2020 état des lieux et noires perspectives
Depuis 2005, une autre génération a complété les rangs des lascars es Blacks, souvent originaires du Mali, du Congo... Souvent déscolarisés dès la 5e la délinquance leur offre des emplois que la société ne peut leur proposer car ils devenus inadaptés au monde de l'entreprise, n'en maîtrisent pas les codes. Ils servent souvent de petites mains dans le trafic de drogue qui est le carburant essentiel des quartiers. Un chouf est payé 150 euros par jour. Le trafic rapporterait en lui-même 500 000 euros par mois par quartier. À ce prix-là, pourquoi se lever le matin pour aller bosser pour un SMIC? Ce sont désormais 1500 quartiers qui sont devenus des espaces urbains quasi-inviolables, des sanctuaires où seule la violence structure les rapports, qui font des affaires ensemble, partagent les mêmes valeurs, la même culture et qui représentent pour eux une petite patrie que l'on défend contre l'extérieur dans le culte de la violence. Et dont les seuls relais sont le responsable de la mosquée, le « sage » de la communauté malienne... La seule différence avec 2005 ? Aux émeutes larvées s'ajoutent les règlements de compte à la Kalashnikov et la radicalisation religieuse. En 2020, 70% des étrangers viennent de dix pays : Algérie, Maroc, Tunisie, Turquie, Chine, Mali, Sénégal, Congo RDC, Cote d'Ivoire et Cameroun... Demain les Érythréens, Somaliens, Afghans... Les Services pointent divers motifs majeurs d'immigration en France économique (20000 personnes, les plus nombreux étant les Américains), familial (un Français de papier qui, au nom d'une tradition culturelle, se marie à l'étranger dans sa communauté d'origine - 91000 personnes), humanitaire (40 000 personnes), les mineurs non accompagnés (Guinée, Mali, Côte d'Ivoire -15000 personnes, chacun d'eux coûtant à la communauté 60000 euros), les clandestins (environ 60000, jamais expulsés et qui justifiant de 5 ans sur notre territoire, pourront demander leur régularisation, en attendant eux aussi de faire des enfants). Chaque année, l'arrivée de nouveaux immigrés forment l'équivalent d'une métropole de province (200-250000 habitants). Une bombe à retardement que personne dans la classe politique ne veut plus désamorcer.

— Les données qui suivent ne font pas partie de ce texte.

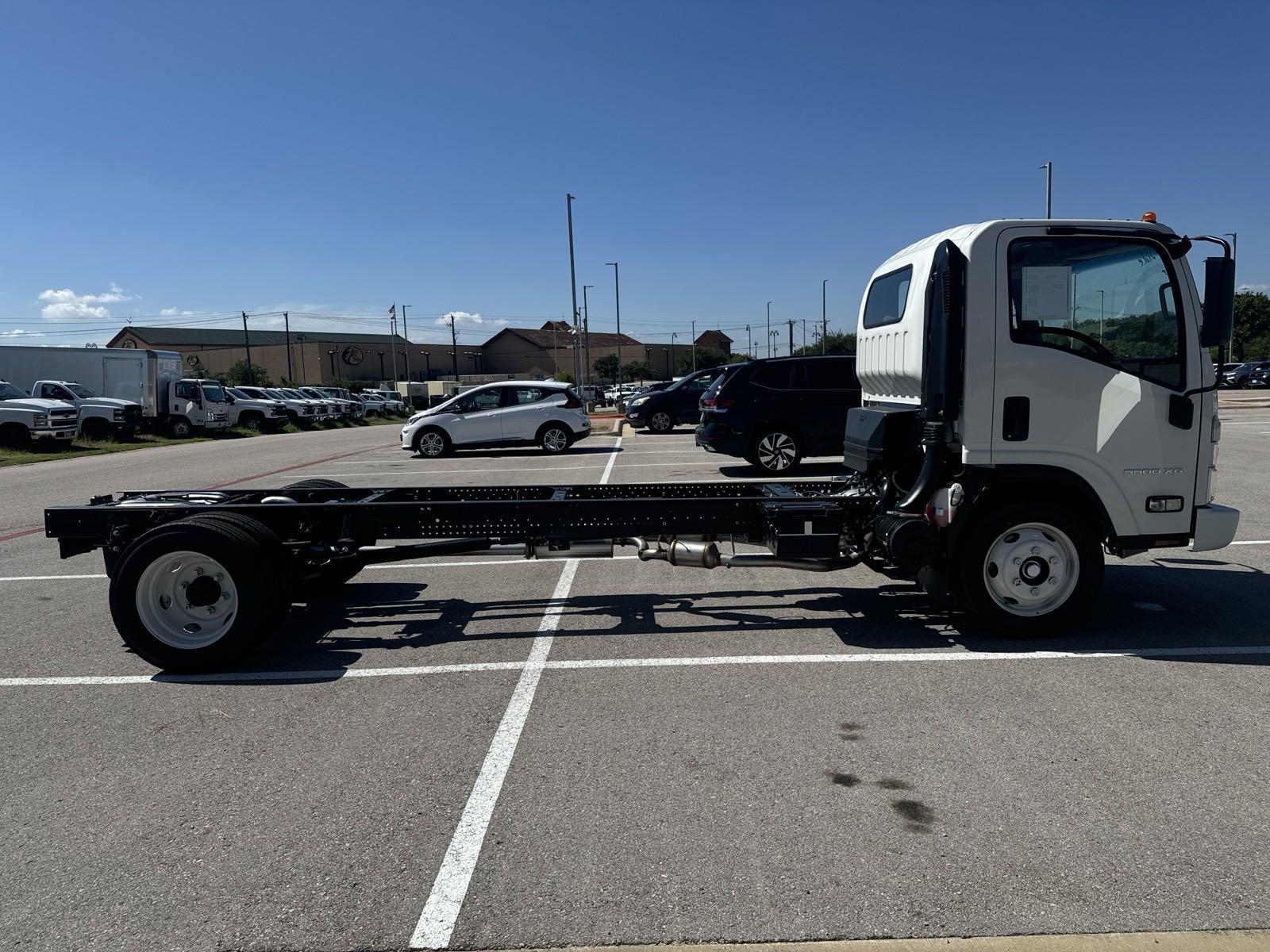 2025 Chevrolet Low Cab Forward 5500 XG Vehicle Photo in GEORGETOWN, TX 78626-7508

Zones de non-droit et de non-France
Aujourd'hui, l'usage des téléphones portables, les réseaux sociaux, les réseaux d'interconnaissances consolidés par le trafic de drogue, créent entre ces territoires une forme de pensée collective (« Nique les keufs et les Céfrans ») capable à la même seconde de mobiliser des milliers d'émeutiers. D'ailleurs, ces quartiers sont depuis sortis de l'espace public. Afin d'éviter l'embrasement, plus personne n'y pénètre sans l'aval des caïds. Toute autorité y étant devenue suspecte et toutes les institutions contestables (sauf la CAF).